1:30 Scenarios / Break out sessions / Scenarios Debrief

3:30: Final Debrief

So, the above is the agenda for a workshop I was asked to attend as a member of the Parent Panel (with a lovely introduction and nametag as “Caitlin, Anderson’s Mom.” The workshop was for nurses, chaplains, social workers, etc. who work on Labor & Delivery or in the NICU, and it was all about providing comprehensive care for families who are experiencing the loss (or imminent loss) of a baby, no matter what gestational age (or actual age, for NICU babies). For the workshop participants, the day included as well meetings with professional bereavement photographers from NILMDTS. I was so excited as well to arrive in time for the session before mine, in which my favorite chaplain discussed compassionate ways to involve a full care team (one important point: Never say “Would you like to see the chaplain?” because that (a) assumes a religiosity that a parent might not wish foisted upon them and (b) scares the parents into thinking a chaplain must come imminently because their child is dying now. Instead say “Our care team includes many people, including a chaplain and social worker, who will both be stopping by today to see if they can be of assistance.” This way bereaved parents won’t have to struggle with making a choice, and will understand this is the “usual” standard of care that they can choose to accept or not).

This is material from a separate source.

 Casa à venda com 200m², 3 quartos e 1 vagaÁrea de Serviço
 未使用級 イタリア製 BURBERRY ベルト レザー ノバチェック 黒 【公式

Then it was our turn, we bereaved parents (well, all moms, in this case). It was so great, as it always is, to tell Anderson’s story. I was glad too because I was the only parent panelist to have such a comprehensive experience of the care at my hospital- Maternal/Fetal Medicine, L&D, NICU – and the nurses in those divisions were the ones in the audience. The other mothers only experienced L&D, so I was glad to have such insight. I got to say everything I wanted to say, and the very, very best part was that I knew some of the participants and it was so good to see them. Our favorite chaplain, and my favorite L&D nurse. And the best was one of the NICU nurses, who came up to me afterwards and said, “You don’t know me, but I was one of Anderson’s night nurses. I had him after his PDA ligation surgery, and I remember him. We talk about him frequently. He made a big impact, and he isn’t forgotten.” So definitely the best part of my day! Another nurse came up to note that she became a NICU nurse after the death of her own baby in the NICU. It all just helped me remember how much our babies inspire us and others every day. I’m so glad I was able to participate!